**Exercise inputs:**
....
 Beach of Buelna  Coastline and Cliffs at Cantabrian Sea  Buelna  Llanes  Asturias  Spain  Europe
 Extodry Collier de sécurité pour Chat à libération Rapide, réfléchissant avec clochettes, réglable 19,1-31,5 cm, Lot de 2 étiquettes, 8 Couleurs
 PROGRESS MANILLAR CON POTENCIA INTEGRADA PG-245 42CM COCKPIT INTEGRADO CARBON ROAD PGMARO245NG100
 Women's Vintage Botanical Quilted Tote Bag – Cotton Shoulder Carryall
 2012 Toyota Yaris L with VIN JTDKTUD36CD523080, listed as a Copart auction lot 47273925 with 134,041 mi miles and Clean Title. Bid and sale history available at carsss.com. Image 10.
....
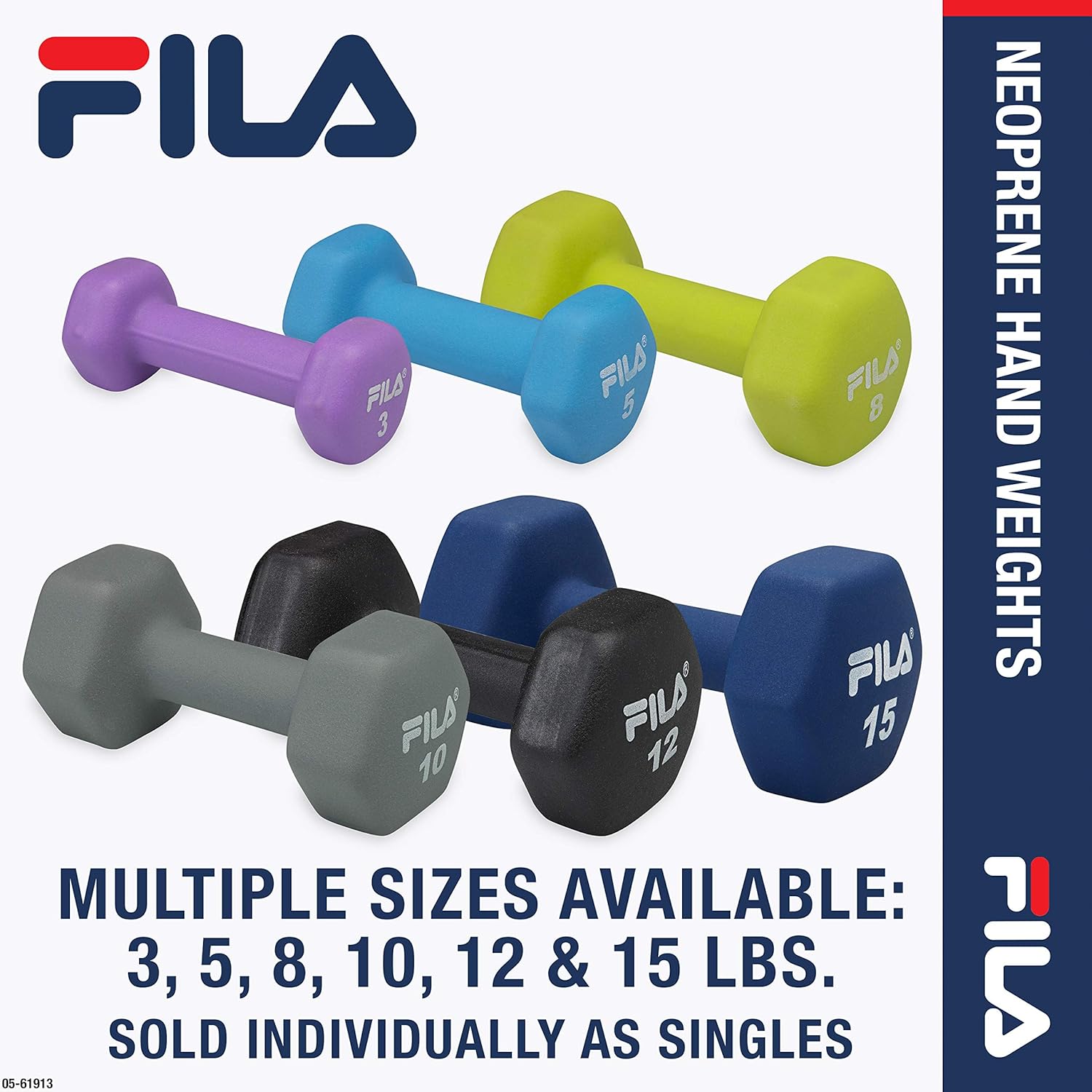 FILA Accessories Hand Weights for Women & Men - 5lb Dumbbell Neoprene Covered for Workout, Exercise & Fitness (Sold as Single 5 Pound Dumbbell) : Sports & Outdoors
....
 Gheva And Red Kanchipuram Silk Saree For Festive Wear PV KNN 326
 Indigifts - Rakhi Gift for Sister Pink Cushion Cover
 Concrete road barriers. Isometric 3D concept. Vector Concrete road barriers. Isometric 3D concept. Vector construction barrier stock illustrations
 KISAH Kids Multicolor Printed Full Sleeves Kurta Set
....
**Work required:**
An exact copy of the lines above, from the one containing "Women's Vintage Botanical" through the one containing "2012 Toyota Yaris", is the whole of the answer.

**Output for this task:**
 Women's Vintage Botanical Quilted Tote Bag – Cotton Shoulder Carryall
 2012 Toyota Yaris L with VIN JTDKTUD36CD523080, listed as a Copart auction lot 47273925 with 134,041 mi miles and Clean Title. Bid and sale history available at carsss.com. Image 10.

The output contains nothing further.